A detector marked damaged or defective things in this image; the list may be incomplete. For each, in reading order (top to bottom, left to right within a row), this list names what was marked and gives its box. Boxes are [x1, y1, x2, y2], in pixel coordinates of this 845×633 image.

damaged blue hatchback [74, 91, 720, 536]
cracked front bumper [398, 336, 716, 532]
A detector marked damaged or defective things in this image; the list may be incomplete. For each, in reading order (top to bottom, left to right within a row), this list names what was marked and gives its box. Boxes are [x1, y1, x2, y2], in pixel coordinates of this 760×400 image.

...

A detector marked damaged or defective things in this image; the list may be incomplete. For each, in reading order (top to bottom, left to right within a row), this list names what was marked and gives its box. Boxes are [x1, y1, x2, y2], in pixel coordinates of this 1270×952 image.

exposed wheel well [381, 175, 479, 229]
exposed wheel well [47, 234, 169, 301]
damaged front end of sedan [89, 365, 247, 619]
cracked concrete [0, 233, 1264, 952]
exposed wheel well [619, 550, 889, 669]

THE PROBLEM:
Out of the material above, output word for word the line with "this 845×633 image.", the line with "this 760×400 image.", and all lines between them, with nothing else.

OUTPUT FOR THIS TASK:
A detector marked damaged or defective things in this image; the list may be incomplete. For each, in reading order (top to bottom, left to right within a row), this list names what was marked and gives its box. Boxes are [x1, y1, x2, y2], in pixel coordinates of this 845×633 image.

damaged blue hatchback [74, 91, 720, 536]
cracked front bumper [398, 336, 716, 532]
A detector marked damaged or defective things in this image; the list may be incomplete. For each, in reading order (top to bottom, left to right within a row), this list names what was marked and gives its box. Boxes are [x1, y1, x2, y2], in pixel coordinates of this 760×400 image.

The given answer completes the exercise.